Under this line are the records; write out word for word the part that begins at the line containing "Resident are seen" and ends at the line containing "FDNY fire carro", and no more.

__DATA EXTRACT__.
****************************************

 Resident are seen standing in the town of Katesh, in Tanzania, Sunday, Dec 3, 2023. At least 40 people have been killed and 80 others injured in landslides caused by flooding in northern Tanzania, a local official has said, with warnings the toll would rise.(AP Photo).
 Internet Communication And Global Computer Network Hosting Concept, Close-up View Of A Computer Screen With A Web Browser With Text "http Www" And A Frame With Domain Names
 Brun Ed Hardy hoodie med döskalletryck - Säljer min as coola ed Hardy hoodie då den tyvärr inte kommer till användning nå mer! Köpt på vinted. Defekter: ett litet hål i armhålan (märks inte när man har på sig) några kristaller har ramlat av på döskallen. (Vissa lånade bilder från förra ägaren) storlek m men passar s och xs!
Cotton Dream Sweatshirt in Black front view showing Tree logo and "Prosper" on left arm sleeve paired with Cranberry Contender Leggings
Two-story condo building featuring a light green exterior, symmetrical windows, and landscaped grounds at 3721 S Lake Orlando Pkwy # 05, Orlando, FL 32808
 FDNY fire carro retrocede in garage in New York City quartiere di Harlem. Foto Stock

****************************************

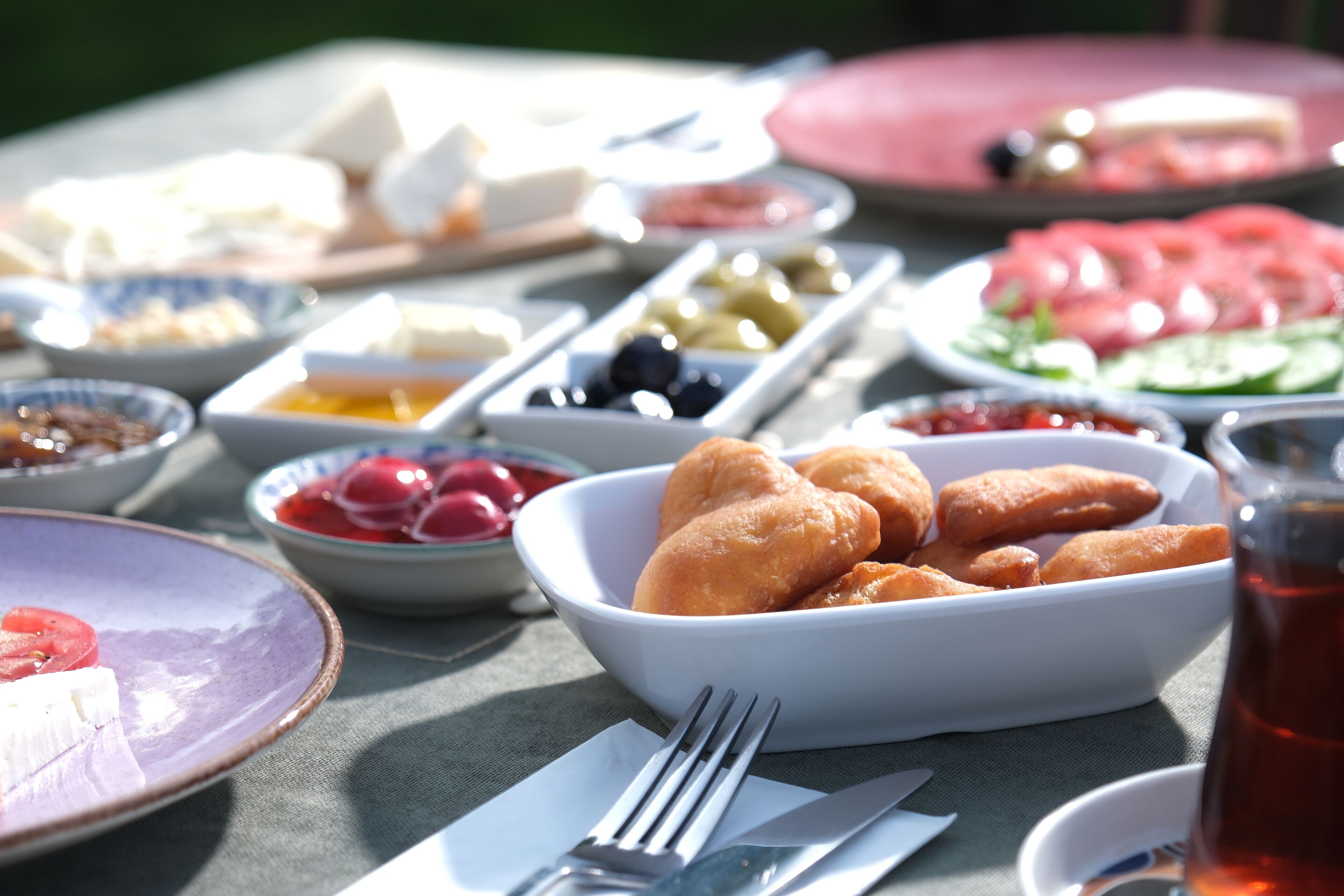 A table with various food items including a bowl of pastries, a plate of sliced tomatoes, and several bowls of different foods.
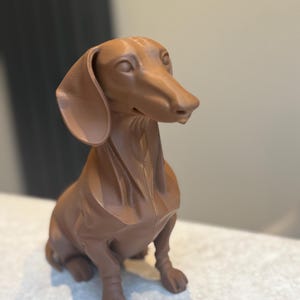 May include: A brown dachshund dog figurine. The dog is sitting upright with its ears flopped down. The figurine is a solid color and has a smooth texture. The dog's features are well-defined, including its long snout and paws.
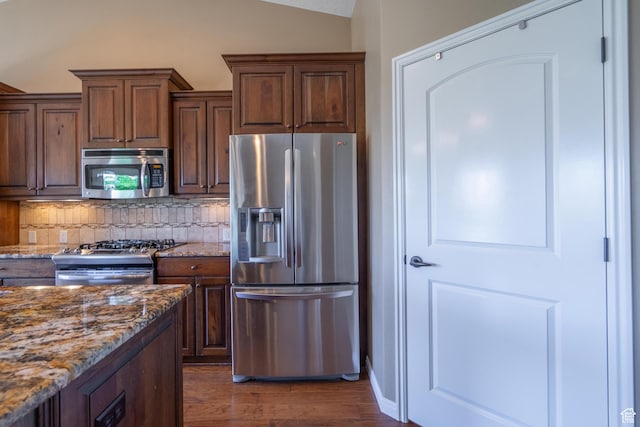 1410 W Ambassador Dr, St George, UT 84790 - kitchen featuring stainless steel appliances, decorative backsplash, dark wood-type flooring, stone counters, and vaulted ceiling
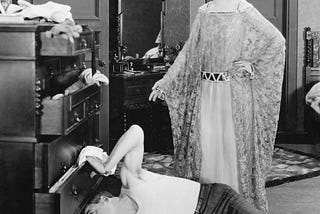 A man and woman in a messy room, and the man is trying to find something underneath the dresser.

****************************************

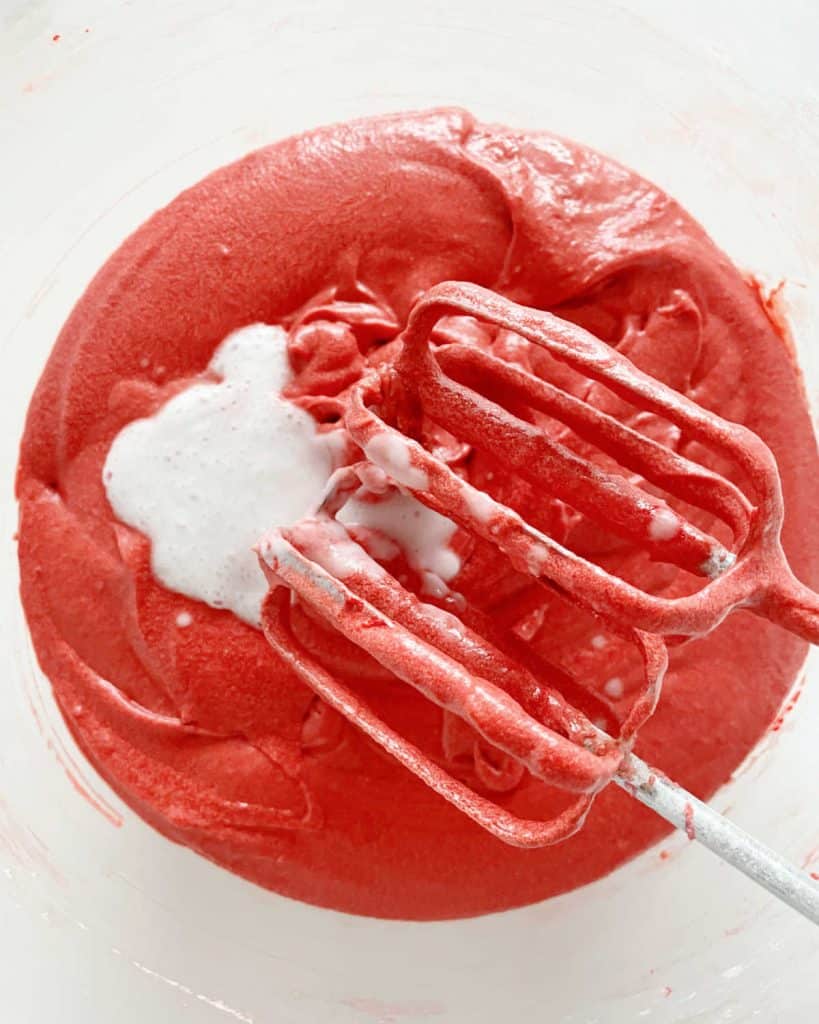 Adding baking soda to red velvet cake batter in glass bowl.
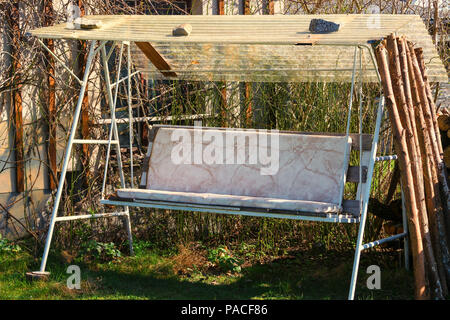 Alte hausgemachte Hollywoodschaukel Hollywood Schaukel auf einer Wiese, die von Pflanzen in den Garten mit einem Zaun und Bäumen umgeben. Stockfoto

****************************************

__SOLUTION TO THIS PROBLEM__.
 Resident are seen standing in the town of Katesh, in Tanzania, Sunday, Dec 3, 2023. At least 40 people have been killed and 80 others injured in landslides caused by flooding in northern Tanzania, a local official has said, with warnings the toll would rise.(AP Photo).
 Internet Communication And Global Computer Network Hosting Concept, Close-up View Of A Computer Screen With A Web Browser With Text "http Www" And A Frame With Domain Names
 Brun Ed Hardy hoodie med döskalletryck - Säljer min as coola ed Hardy hoodie då den tyvärr inte kommer till användning nå mer! Köpt på vinted. Defekter: ett litet hål i armhålan (märks inte när man har på sig) några kristaller har ramlat av på döskallen. (Vissa lånade bilder från förra ägaren) storlek m men passar s och xs!
Cotton Dream Sweatshirt in Black front view showing Tree logo and "Prosper" on left arm sleeve paired with Cranberry Contender Leggings
Two-story condo building featuring a light green exterior, symmetrical windows, and landscaped grounds at 3721 S Lake Orlando Pkwy # 05, Orlando, FL 32808
 FDNY fire carro retrocede in garage in New York City quartiere di Harlem. Foto Stock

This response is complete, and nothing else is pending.